Соломон Воложин | О лермонтовском плохом одном стихотворении
Я б не посмел, что-то у Лермонтова назвать плохим, если б не авторитет Вейдле. Этот автор ввёл понятие звукосмысла и сумел меня убедить, что это не ерунда, хоть и обладает это короткодействием, так сказать. То есть не имеет – прямого, во всяком случае – отношения к художественному смыслу целого произведения. Попутно Вейдле вводит отличие значения от смысла. Значение – то, что от языка. Сухое. Словарное. Грамматическое. А смысл – добавочное к значению. Едва ли не каждый раз оригинальное. Потому «едва ли», что, например, в европейских языках звуки «у» и «и» имеют этот добавочный смысл. У «у» – что-то угрюмое, угрожающее, грустное и т.п. У «и» – нечто противоположное.

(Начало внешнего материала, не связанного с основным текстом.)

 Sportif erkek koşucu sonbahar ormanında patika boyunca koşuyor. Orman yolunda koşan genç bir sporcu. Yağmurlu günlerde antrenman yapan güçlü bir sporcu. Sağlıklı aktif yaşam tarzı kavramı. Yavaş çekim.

Вейдле прицепился, что у Лермонтова не чувствуется этой смысловой добавки в слове «Грузия».
Не плачь, не плачь, мое дитя,
Не стоит он безумной муки.
Верь, он ласкал тебя шутя,
Верь, он любил тебя от скуки!
И мало ль в Грузии у нас
Прекрасных юношей найдется?
Быстрей огонь их черных глаз,
И черный ус их лучше вьется!
Из дальней, чуждой стороны
Он к нам заброшен был судьбою;
Он ищет славы и войны,
И что ж он мог найти с тобою?
Тебя он золотом дарил,
Клялся, что вечно не изменит,
Он ласки дорого ценил –
Но слез твоих он не оценит!
1841
Мне пришлось сдаться, когда Вейдле показал, что вопросительность предложения («И мало ль» сразу ж заявляет о вопросительности) настолько довлеет, что ничто добавочное не может зазвучать.
А вопросительность (и также восклицательность, кавычки и скобки) есть то интонирование, которое принадлежит языку (тому, что связано со значением, а не смыслом, который добавочен). То есть простая вопросительность суха. То есть, не поэтична. И в произведении Лермонтова 5 вопросительных и восклицательных предложения, занимающих чуть не все строки стихотворения.

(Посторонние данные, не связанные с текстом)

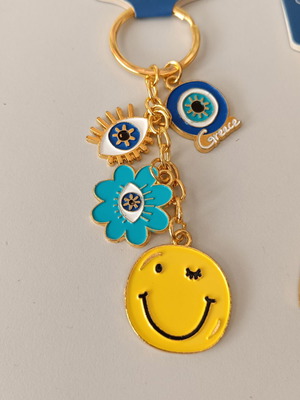Aegeanart keychain new, gold with smiley face and evil eye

И как-то веришь Вейдле, что даже если усиленно проукать все «у» 1-й строфы (их целых 10 вместе с «ю»), то ничего к значению слов не добавится.
А есть у Лермонтова давно известный мне художественный изъян (который никем изъяном не считается, но, я думаю, зря) – стихотворная публицистика. Я её не считаю даже и произведением искусства. За полную осознанность. По-моему художественно только то, что рождено от подсознательного идеала. Ничего такого нет в его «Смерть поэта». Не хочется это стихотворение относить даже к произведениям прикладного искусства (призванным усиливать знаемые переживания, тут – гнева на светское окружение Пушкина). Томашевский (боюсь, что подспудно, из уважения к имени, назвал стиль этого стихотворения ораторским), и все за ним то повторяют одобрительно. А я не могу – утрировано принципиален.
Так вот я читаю:
«…все социально-политические стихотворения зрелых лет, построенные на основе другой интонации — ораторской, написаны по схеме ямба, наиболее употребительного в нашей поэзии размера: «Смерть поэта» (1837), «Журналист, читатель и писатель» (1840), «Прощай, немытая Россия» (1841) — 4-стопный ямб» (http://www.lermontov.info/kritika/shuvalov2.shtml).
Но то же самое в «Не плачь, не плачь, мое дитя…».
Это наблюдение стыкуется с таким вот соображением. – Ведь написана как бы речь Максим Максимыча к покинутой Печориным Бэле. То есть нечто совершенно для Лермонтова не новое. Нравоучительное. То есть с оторванными корнями подсознательного, хоть нравственность и имеет подсознательное.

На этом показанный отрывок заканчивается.